The “secret” society had 3 million members during its heyday in the early 1920s; roughly half its members lived in metropolitan areas, and although it enjoyed considerable support in the South, the Klan was strongest in the Midwest and Southwest.
http://historymatters.gmu.edu/d/6689
Racism, and the Klan, exist everywhere. You're 100% correct about that.

But only the Southern Slave states are idiotic enough to want to commemorate racism in a state license plate.

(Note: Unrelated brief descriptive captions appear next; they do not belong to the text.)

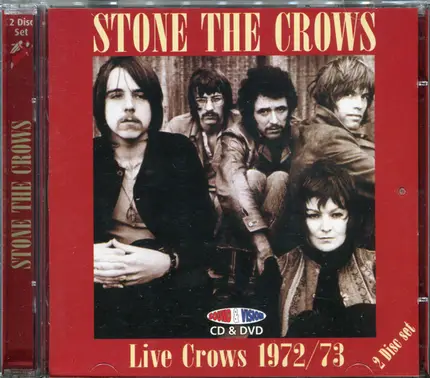 Stone The Crows - LIVE CROWS 1972/73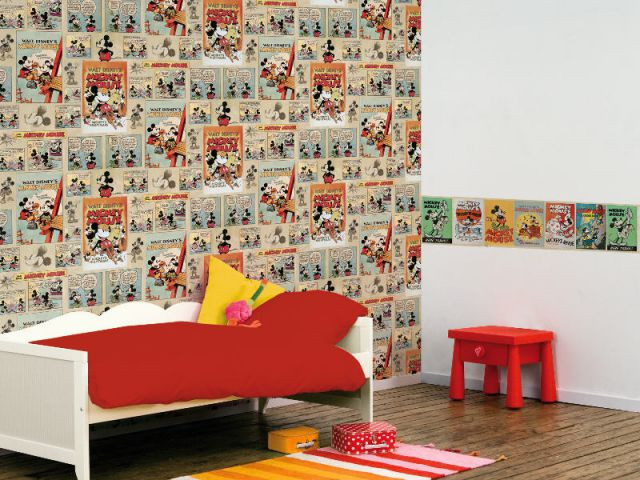 Un papier peint recyclable issu de forêts durablement gérées - Une chambre écolo pour mon enfant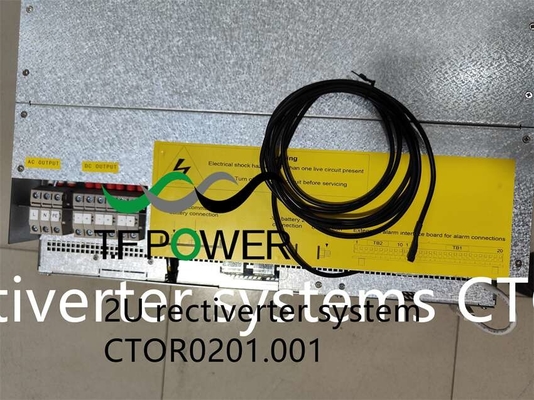 Eltek 6KVA 230V 4.8KW أنظمة المستقيم 2U 19 بوصة نظام طاقة الجرف الكهربائي CTOR0201.001 242100.100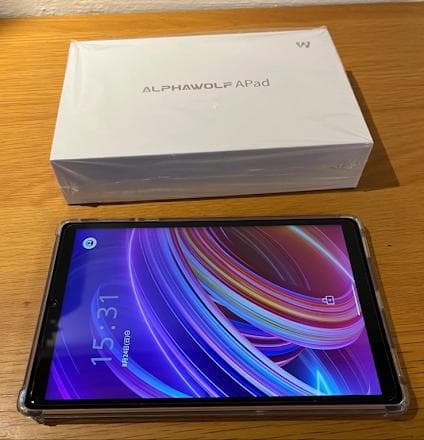 【美品】 AlphaWolf APad2 タブレット8.4インチ 2.5K高画質 約2.5万円】低価格でSIM+GPSが使える高輝度＆高解像度な8.4インチ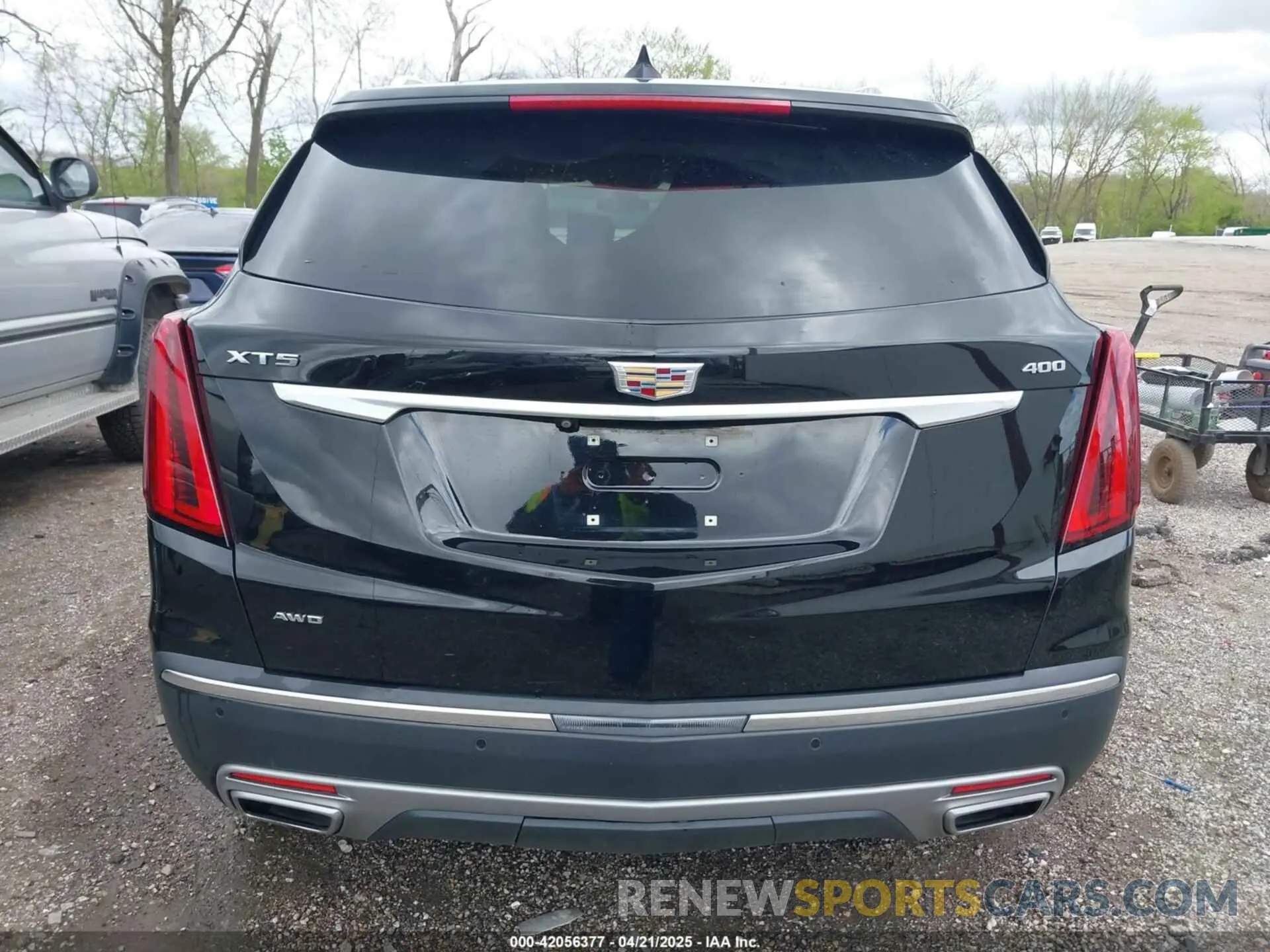 16 Фотография поврежденного автомобиля 1GYKNDRS6LZ134818 CADILLAC XT5 2020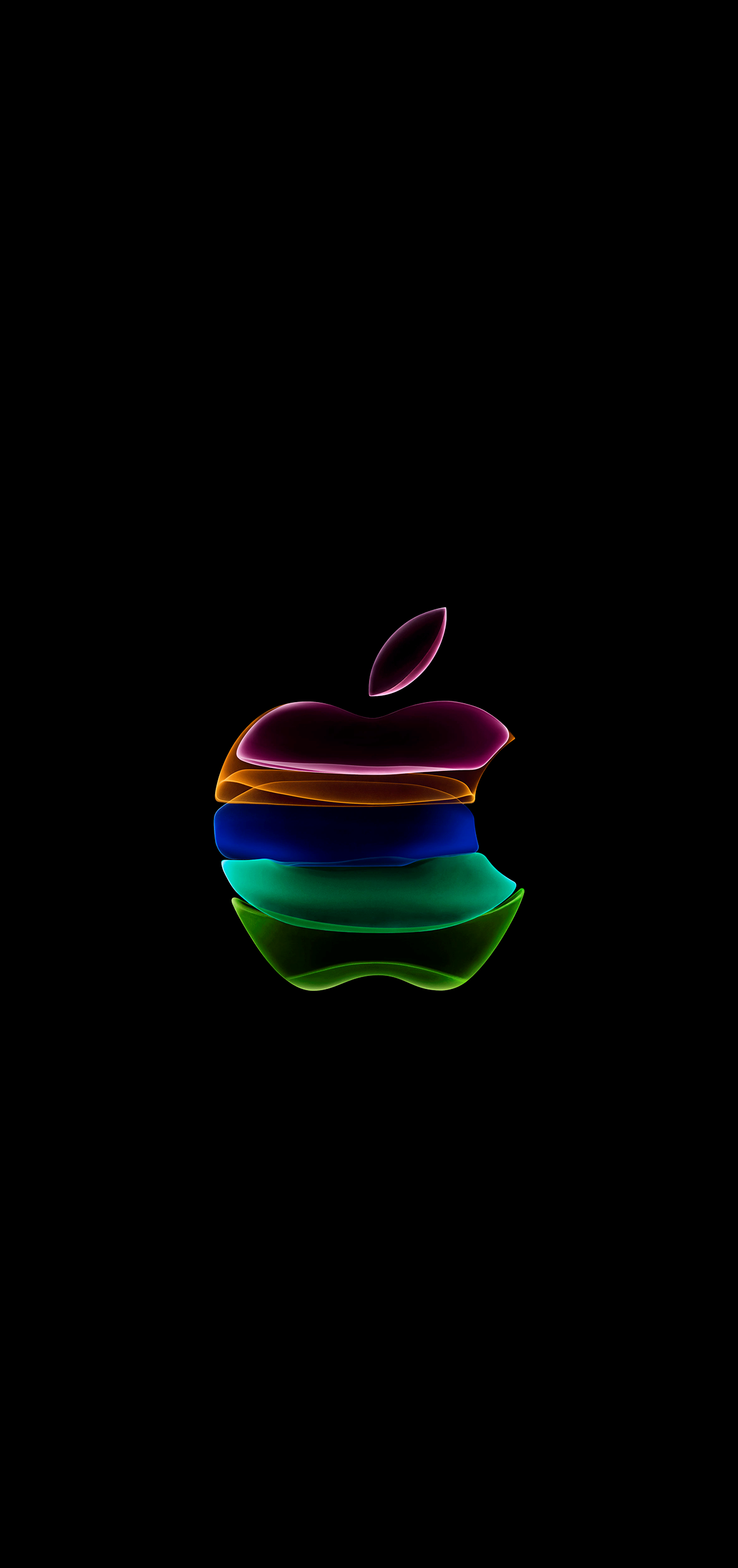 iPhone 11 Pro Max'in şık ve çarpıcı tasarımı Duvar Kağıdı
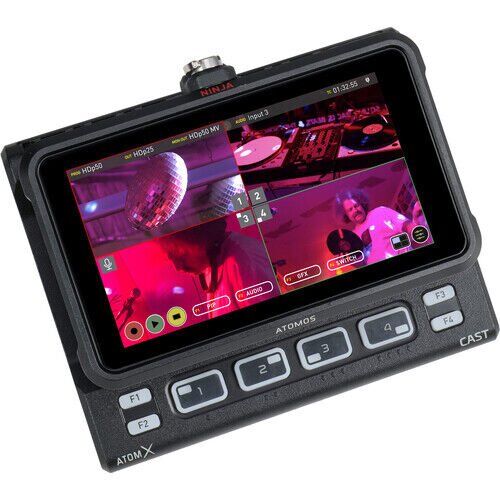 Atomos Atomos AtomX CAST Ninja V Serisi Çoklu Kamera Yayın Modülü Görsel 2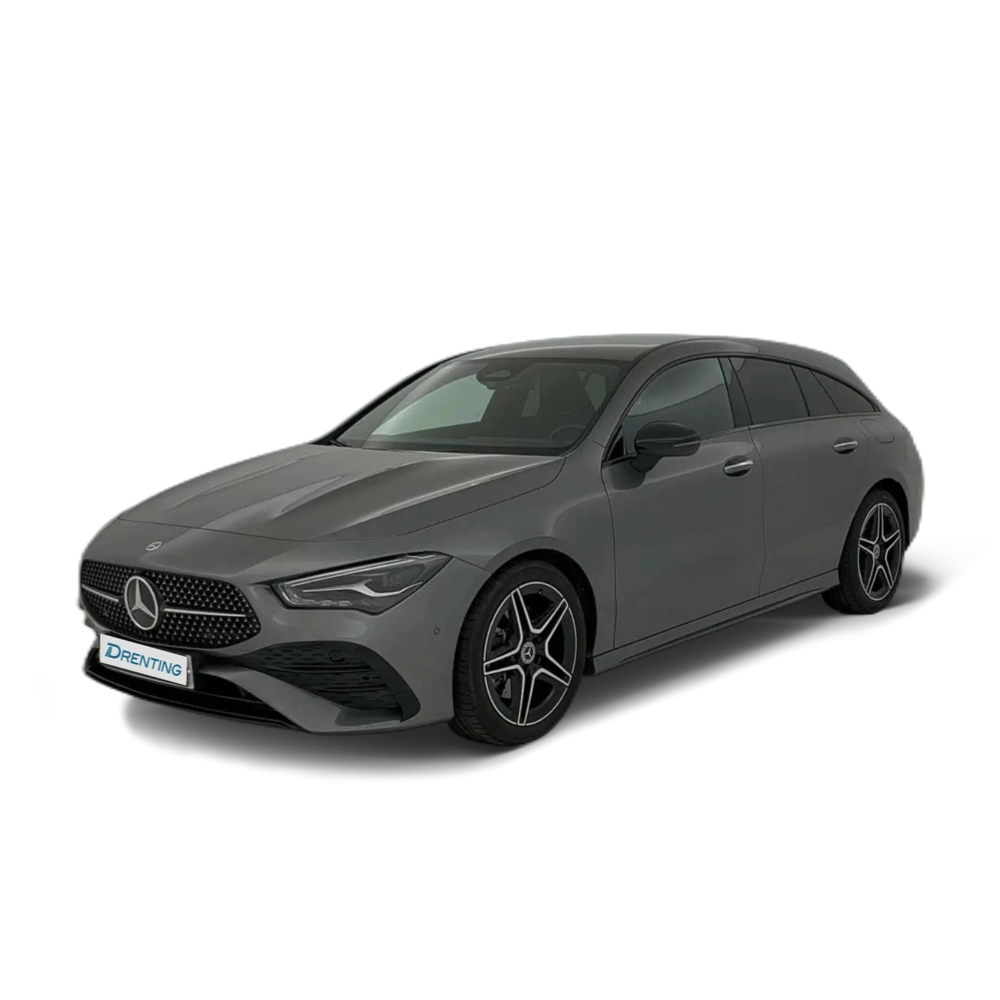 Renting Mercedes-Benz CLA 200 Shooting Brake 200d 8G-DCT Gris 2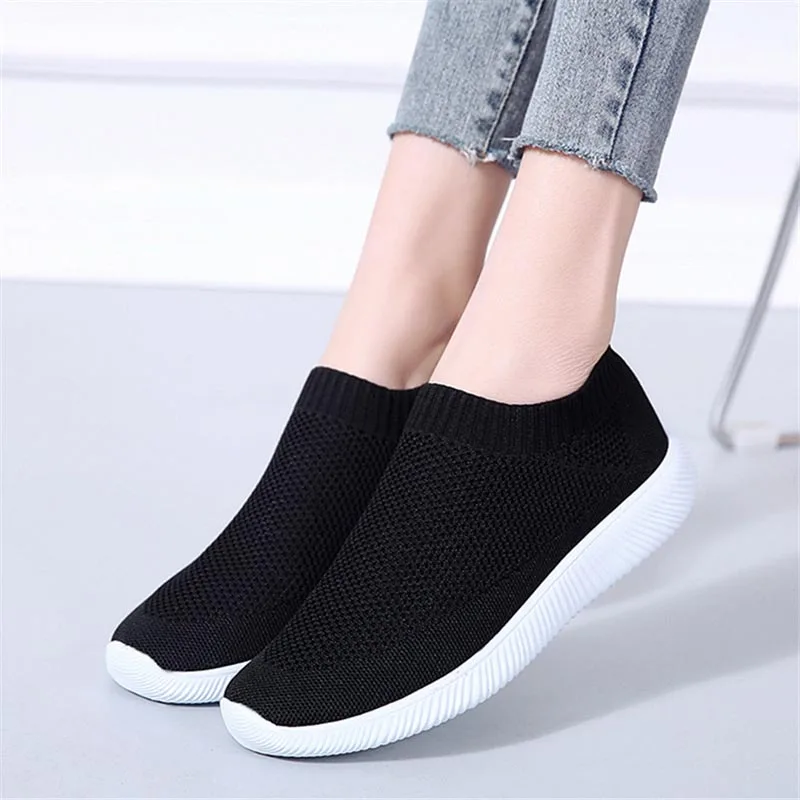 2019 Весенняя повседневная женская обувь кроссовки на плоской платформе женские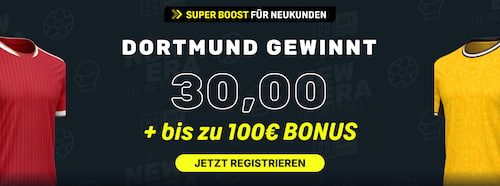 DAZN Bet Boost FCB BVB 31.10.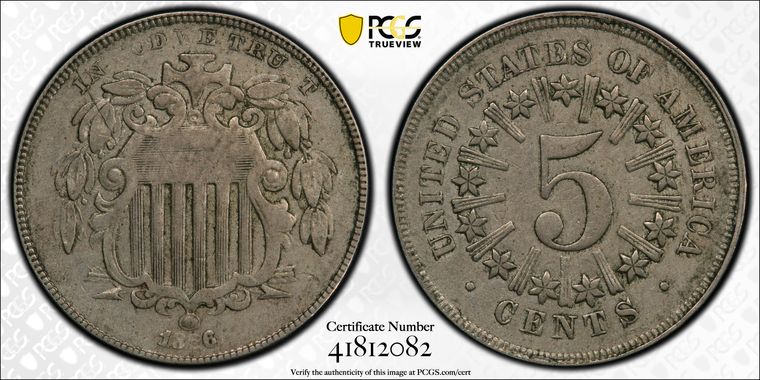 Cert 41812082 - Coin Image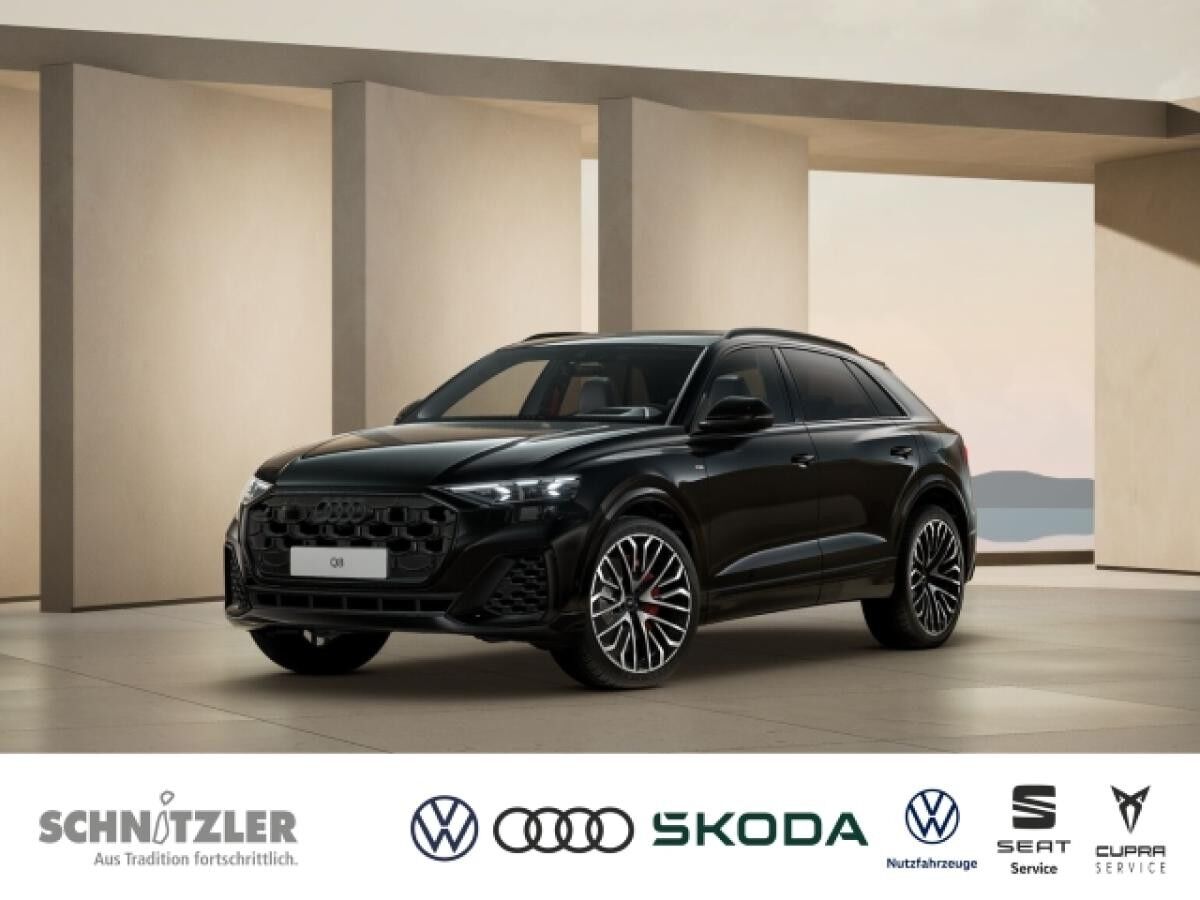 Audi Q8 S line 60 TFSIe quattro B&O/PANO/360°/RAUTE+++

Next time you see a Confederate flag flying over a statehouse in a union state, you let us know.

“It's a Brand New Day”

Since: Feb 06

New Rochelle

#46 Nov 13, 2011
gossamer wrote:
The Confederacy and its history are a very important part of American history.
Americans honor Black History Month.
They can honor the history of the Confederacy where thousands of gallant Americans fought to preserve their land from Northern domination and carpetbaggers.
Take the Civil War Quiz!
Who said the following—Union General Ulysses S. Grant, or Confederate General Robert E. Lee?
If I thought this war was to abolish slavery, I would resign my commission, and offer my sword to the other side.
Your every premise is wrong.

It was the Confederates who attacked the North, started the Civil War, to preserve their slavery.

The war was waged to preserve the perceived right to extend slavery to new territories. Yes, it was all about human slavery.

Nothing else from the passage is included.